鋼鉄の夢 穏やかな夢現
お酒は貴重品
「クロードさん、お酒をください」
いつも通りの、なんでもない日。昼飯の後、エーヴィヒに突然酒をねだられた。何を言っているんだこの幼女は、と思うがわけがわからないのはいつものことだった。
「金かパーツと引き換えだな」
パラパラと本をめくって暇をつぶす。
「ケチですね」
「タダほど高いものはないと言う。有料なのはまだ優しいだろう。ほら、ご主人様に尻尾振って小遣いもらってこい」
そして一人の時間を作ってゆっくりする。こいつが居ては一人遊びもできやしない。隙あらばシャワールームにまで突入しようとしてくるのだし、一瞬たりとも気を抜けない生活を強いられているのだ。
「代金は体で」
「食肉としてアンジーに売れば、酒代には充分だろうな」
問題はそれをする気になれないことか。
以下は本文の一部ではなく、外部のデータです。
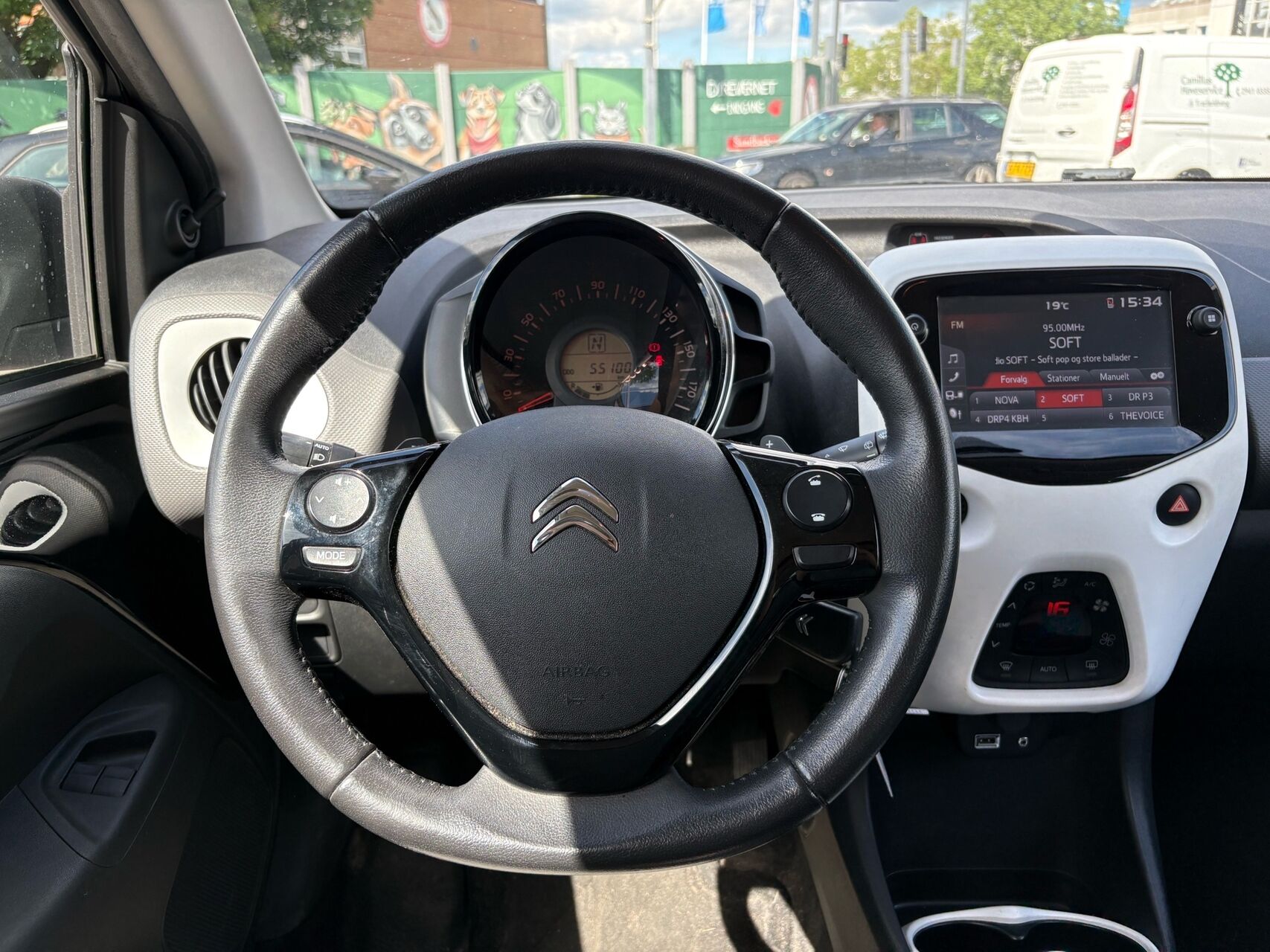 Billede af Citroën CitroËn C1 1.0 VTi 72 hk 5D ET 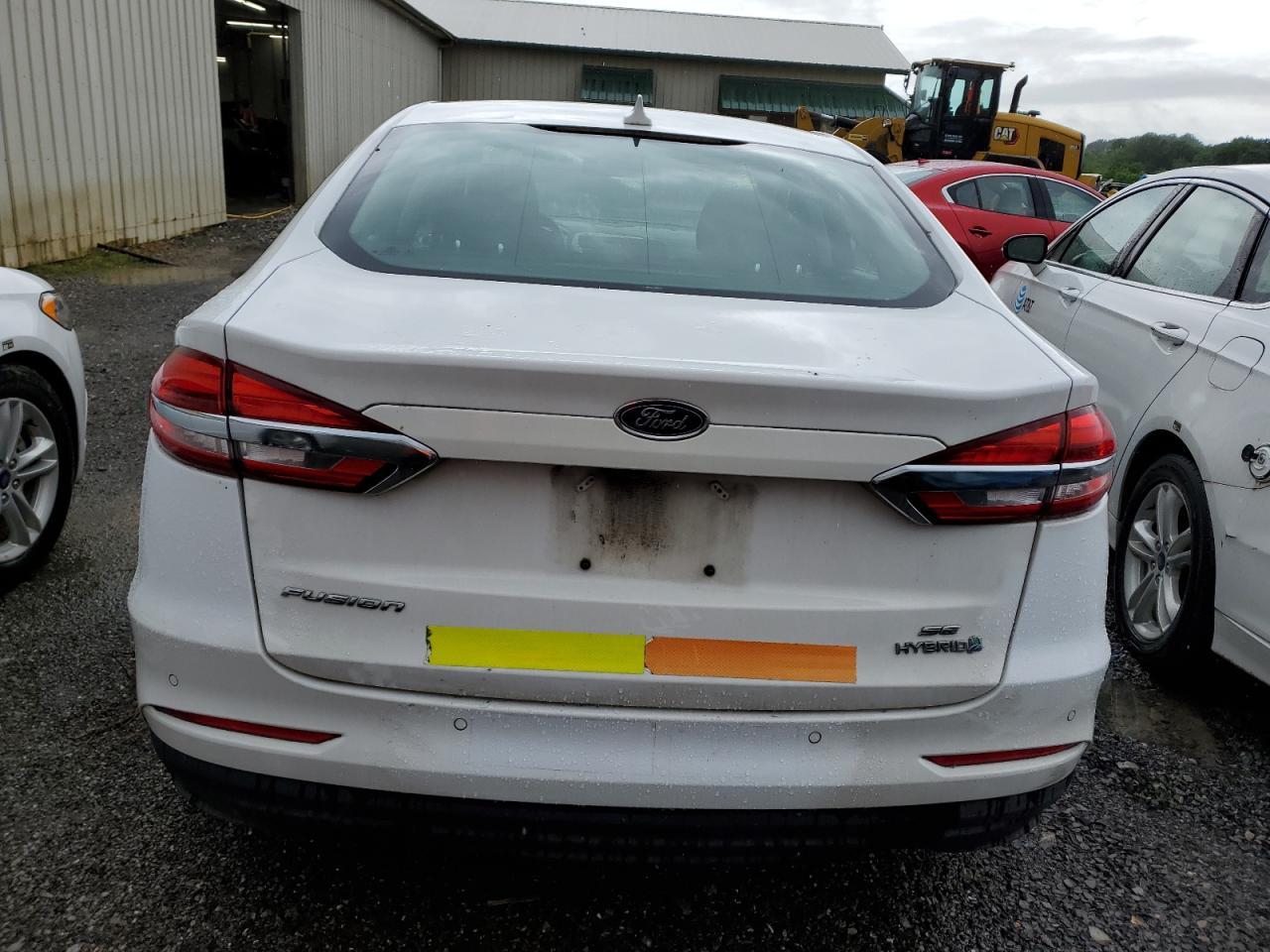 2019 FORD FUSION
解体には手間がかかるし、血で汚れるからガレージを洗わなきゃならない。
実に面倒だ。自殺して、次のエーヴィヒが来て、自分で自分を解体して後片付けまでしてくれるなら構わんが。いくら頭がいかれてても、そんな猟奇的で狂気的な所業はしたくないだろう。
「飲みたいのはここに居る私です。他の私が飲んでも意味がありません」
「じゃあスペアを一つ売ればいいだろ」
「嫌ですよ、自分の体を売るなんて」
呆れるほどワガママな主張だ。金は払わないけど酒を飲ませろなんて、通るわけがない。
「それに、体でというのはそちらの意味ではありません」
「鉄板を可愛がっても面白くないだろ。あと5年経ってから出直してこい」
「……無理なことを言わないでください。この体はケースの外では1年と持たないんですよ」
今知らされた衝撃の事実。正直どうでもいい。
「じゃあケースの中で5年待ってろ」
「その頃にはあなたが死んでそうですが」
「それもそうか……じゃあそろそろ話を戻すか。パーツか金か、どっちを出す」
「……パーツで。これはご主人様に怒られますね」
「怒られとけ」
怒られてここに来るのが嫌になってくれれば最高だ。怒られるのが嫌で戻りたくない、となる可能性もあるが、そっちは最悪だな。